When my boyfriend would make sous vide ribs and soufflé, I thought he was just showing off. Now, in lockdown, I see it’s how he cares for me.
“When this is over, when the spine has been made into stock, and the stock into soup and the soup consumed and forgotten, what will I remember?”
We’d been dating for four months, Dennis and I, when the virus hit the city. At once we had to decide: Flee to our families in distant states, or find refuge in each other? We chose cohabitation, the one-bedroom in Brooklyn, the suddenly shared life. It made me nervous. You’ll get bored of my cooking, I warned, meaning, of course: You’ll get bored of me.
Before the plague he cooked me short ribs sous vide, a custardy flan with caramelized sauce, carrots so tender and velvety they bloomed in my mouth. A French omelette, a soufflé: cooking was a performance, a way to woo me. I was wooed, but cautious; I was way too scared to cook for him.
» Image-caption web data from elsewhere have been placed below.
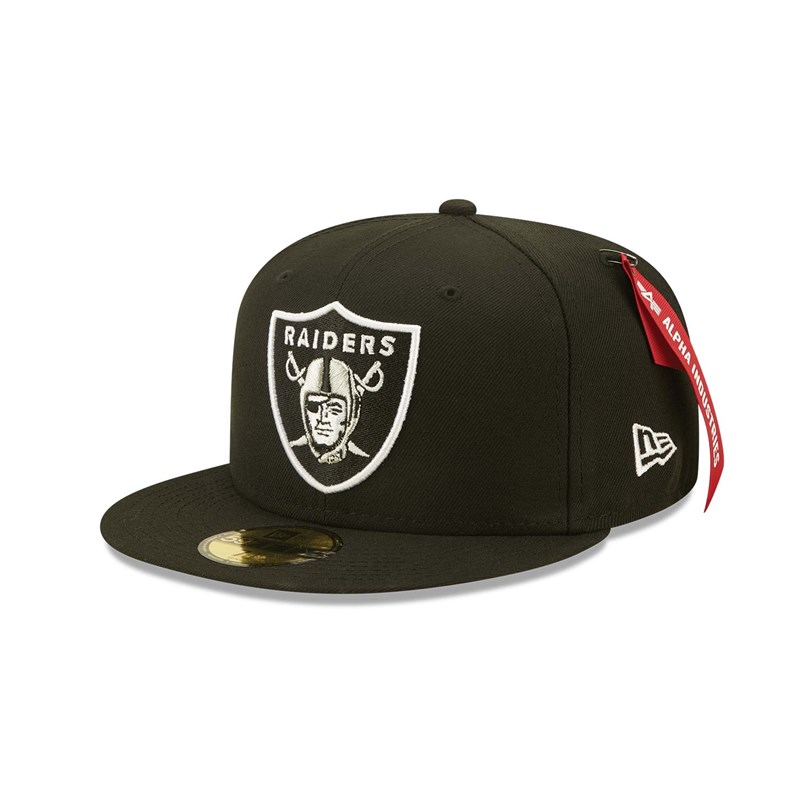 Black New Era Las Vegas Raiders X Alpha Industries Fitted Cap 59fifty | LSOF25613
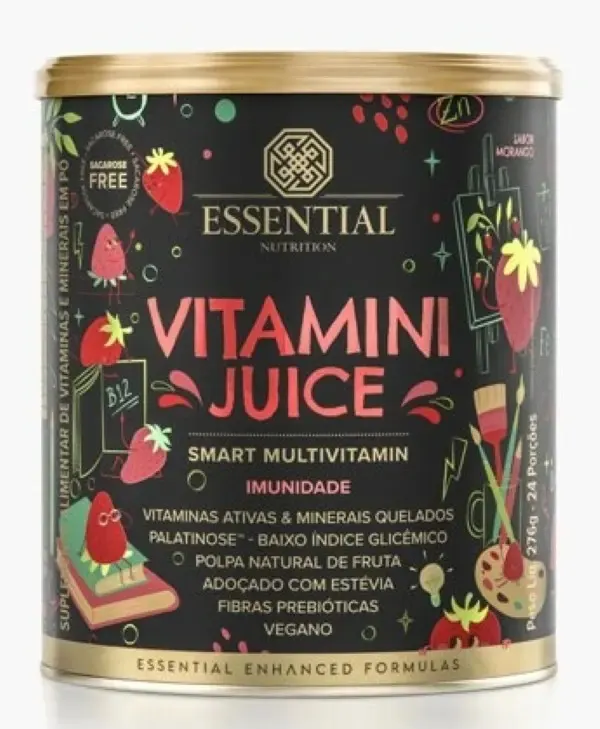 Embalagem de Vitamini Juice Multivitamínico Infantil Morango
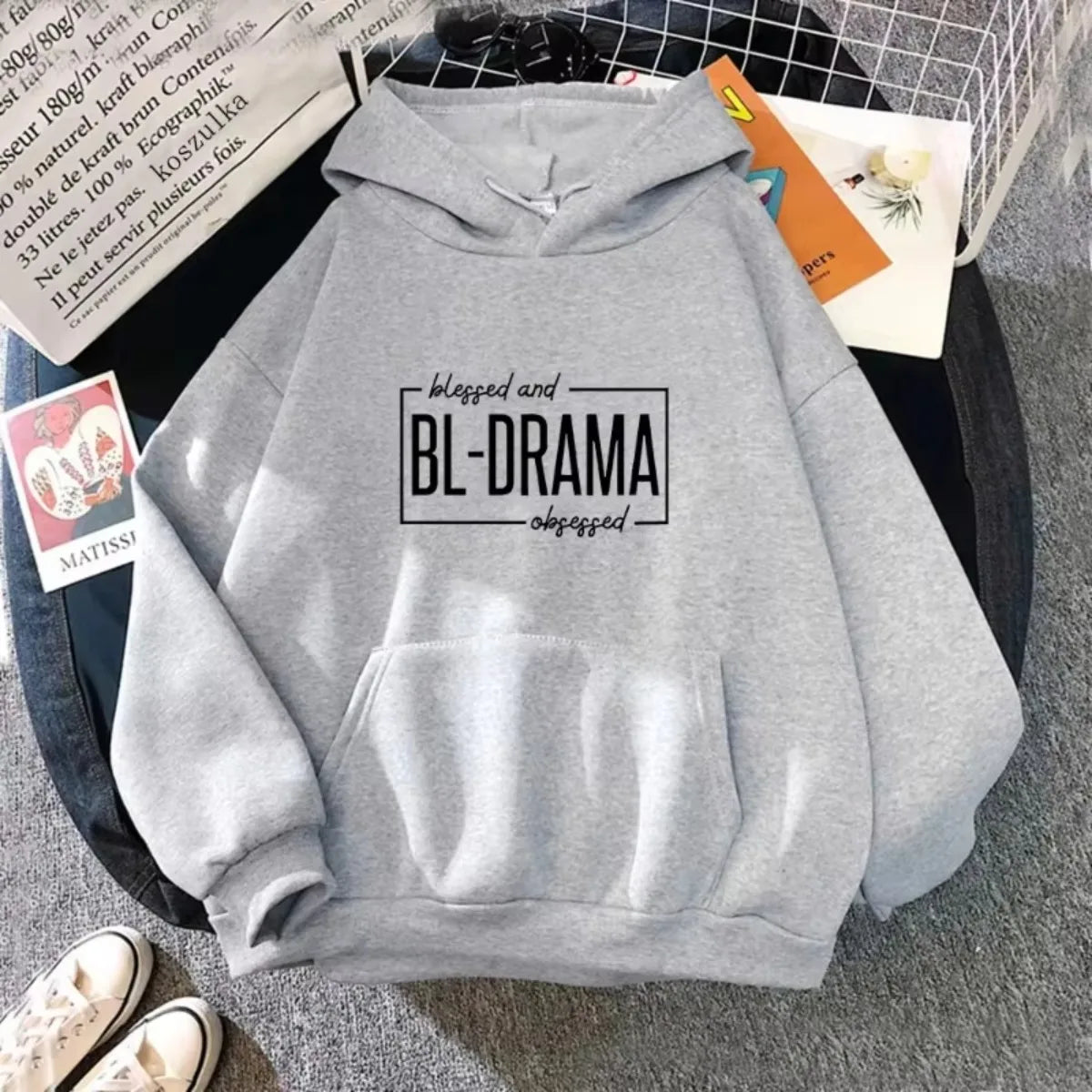 Funny Bl Drama Lovers Club Hoodie Unisex Warm Hooded Pullover Autumn Winter Women Men Sweatshirt Harajuku Streetwear Tops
So what would happen now that we were quarantined together, all our cooking shared? Would he judge my sloppy vegetarian stews, all the slop I made once a week and gulped down before going out?
I started with my standbys, the barley risotto, the coconut soup. I asked him how to emulsify a sauce and deglaze a pan, studied his sourdough starter and chiffonade’d basil. When he spatchcocked a chicken I was aghast; when I tasted the tender breast meat, impressed. We saved the bloody spine for stock, along with our collection of bones sucked clean. Before this, I had never made stock: no time. Now there was nothing but time. Now there was nowhere to be. I started slowing down. When I cooked, the jalapeño and cilantro were finely chopped, the shallots and salt actually measured, the cheese cubed and resting in a ceramic bowl.
We can’t go to tiny dark restaurants anymore, sip cocktails of smoke and gin, stare into each other’s eyes, and so every night we make our own restaurant instead, our own cocktails and candlelight. Cooking, I think: I want to help make the restaurant. I want to help sustain him.
It came upon me slowly, over many nights of browning beef and cracking eggs: When he was making his fancy French dishes for me all fall and winter, they were never a performance. They were always a gift.
When this is over, when the spine has been made into stock, and the stock into soup and the soup consumed and forgotten, what will I remember? His slender strong hands pushing, the pop and crack of bone as he cuts out the poultry’s spine with the Fiskars. Later, the chicken laid out, butterflied on the baking sheet, stained with the oils of so many past meals. Doing it right, not to impress, but because he cares. Because later, over wine and asparagus, we’ll exclaim how tender it is.